「塀のない刑務所」が映す社会

山口県美祢市に民間資本による公的施設運営のモデルを取り入れて開設された新型の刑務所がある(「美祢社会復帰促進センター」)。運営に受託参加している中心企業は警備会社のセコムで、施設紹介でみると、ホテルと見紛う豪華で開放感のある設備であり、本当の旅館や賃貸住宅だってこれより貧相な調度で営業しているものはごまんとあるから、刑務所がこんなに快適だったら、犯罪の抑止と犯罪者の更生に支障があるのではないかと心配になるくらいである。

美祢社会復帰促進センター(1)

ところで、この施設の最も大きな特徴は、敷地に刑務所の象徴ともいえる「塀」がないことである。
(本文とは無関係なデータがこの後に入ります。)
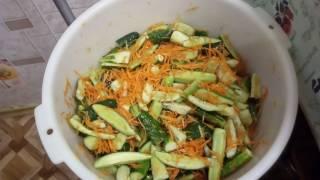 Салат по-корейски из огурцов с морковью на зиму.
そのことが開放的な雰囲気を与える大きな要因になっているし、施設の外側からみても、そこに刑務所があるというものものしさや威圧感がなく、普通一般の行政施設の一つとして景色に自然に溶け込んでいる。まさに刑務所というより「更生センター」である。

刑務所の要ともいえる塀がなくて済むのは、別の手段でそれを補っているからである。受刑者はICタグのワッペンを装着することが義務づけられていて、無線で常時居場所を把握されている。ICタグは位置とともに移動状態も秒単位で追跡されているので、無理に外したり他人に渡すなどの不自然な動作があるとすぐに分かるという。また構内は隅々まではりめぐされた監視カメラで24時間監視され、敷地の境はもちろん赤外線センサーや振動検知式のフェンスでガードされている。これらのハイテクの監視システムが見えない防壁となって物理的な塀の代りに受刑者の所外への自由な移動を抑止しているわけだ。

美祢社会復帰促進センター(2)


そもそも刑務所に高い塀が必要なのはなんのためだろうか。それはいちばん原始的な意味では、中に入っている犯罪を犯した受刑者を閉じ込めておくためで、彼らが外に逃げ出すと困るからである。なぜ逃げ出すと困るのか。彼らが刑罰の勤めを終えないまま出ると、外側の一般社会において制御不能の状態で犯罪性向の濃度が上昇し、安全が脅かされると考えられるからである。技術が進んでそれを別の手段で代替できるようになり、塀がいらなくなって、目に見えないものに潜性化し、内在化されたということは、物理的な遮蔽の中に押し込めておかなくても、彼らの行動を自由にコントロールできるようになった、それだけの自信がついたということである。彼らを施設内にとどめておくのは、この点からすれば単に費用的な問題であって、原理的には施設内で適用可能な技術はそのまま外部でも展開可能なはずだ。

また、企業の看板をみれば一目瞭然のように、これらを可能にしている運営技術は、もともとすべて「民生」用のものであり、刑務所の運営のために開発された特製のものではない。全部一般の社会の中で用いられているものをほとんどそのままの形で、むしろ外側から刑務所の中に持ち込んだものだ。「塀の中」と外の敷居がなくなったということは、この点においても外と内の濃淡の差がなくなった、変わらなくなったということでもある。日経BPの記事(「セコム作、塀のないハイテク刑務所」)のコメント欄で、現在の大企業の会社員は、個人情報も入退室も健康情報もなにからなにまで全部細かく記録されているので、この刑務所と変わらないかそれ以上かも、という自嘲気味の指摘があったけれども、刑務所の受刑者が外側にいる自分たちより強く行動を束縛されているようには思えない、というこの感想は、たぶん多くの人が率直な実感として共有するものだろう。いわば「受刑者のように会社員や市民が監視されている」のではなくて、「会社員や市民のように受刑者も監視される」のである。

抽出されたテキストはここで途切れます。